STORED DATA —
━━━━
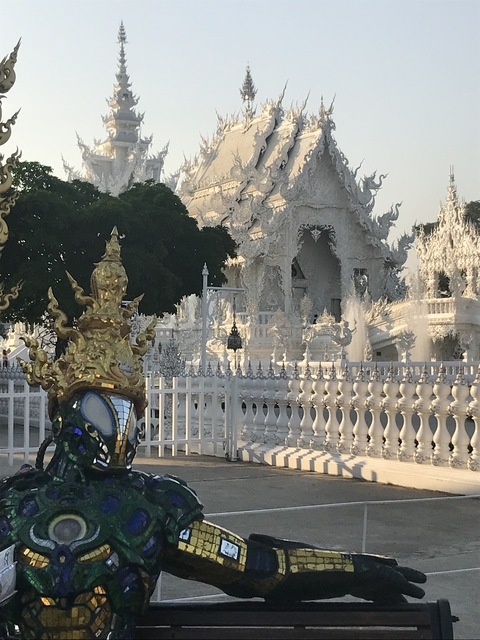 White temple structure with intricate designs.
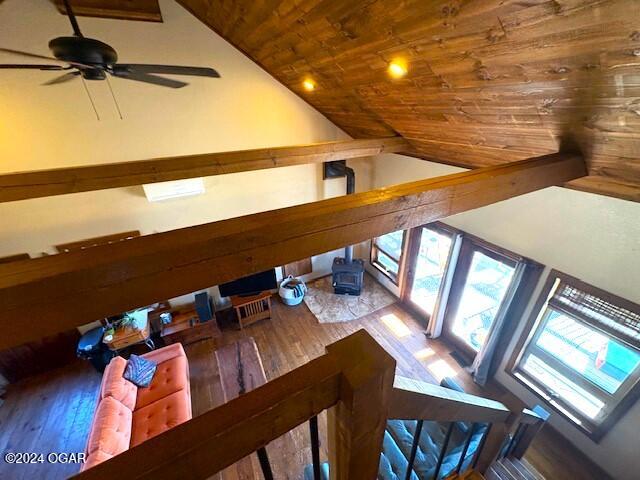 bonus room featuring ceiling fan, hardwood / wood-style floors, wood ceiling, and lofted ceiling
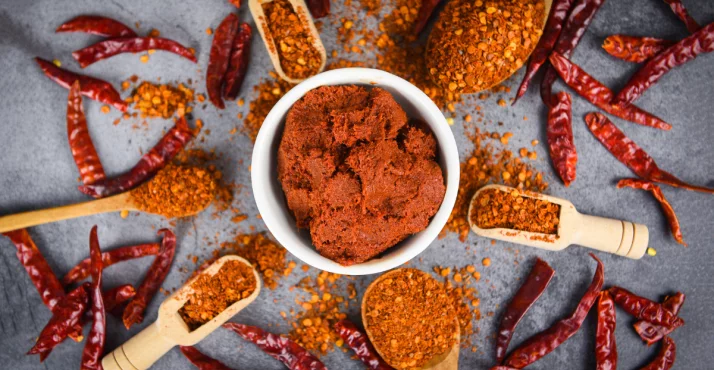 Cayennepfeffer in einer Schale, umgeben von Paprika und Kernen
━━━━
THE TASK —
The whole listing above is to be printed exactly; the pictures stay out.

RESULT OF THIS TASK —
 White temple structure with intricate designs.
 bonus room featuring ceiling fan, hardwood / wood-style floors, wood ceiling, and lofted ceiling
 Cayennepfeffer in einer Schale, umgeben von Paprika und Kernen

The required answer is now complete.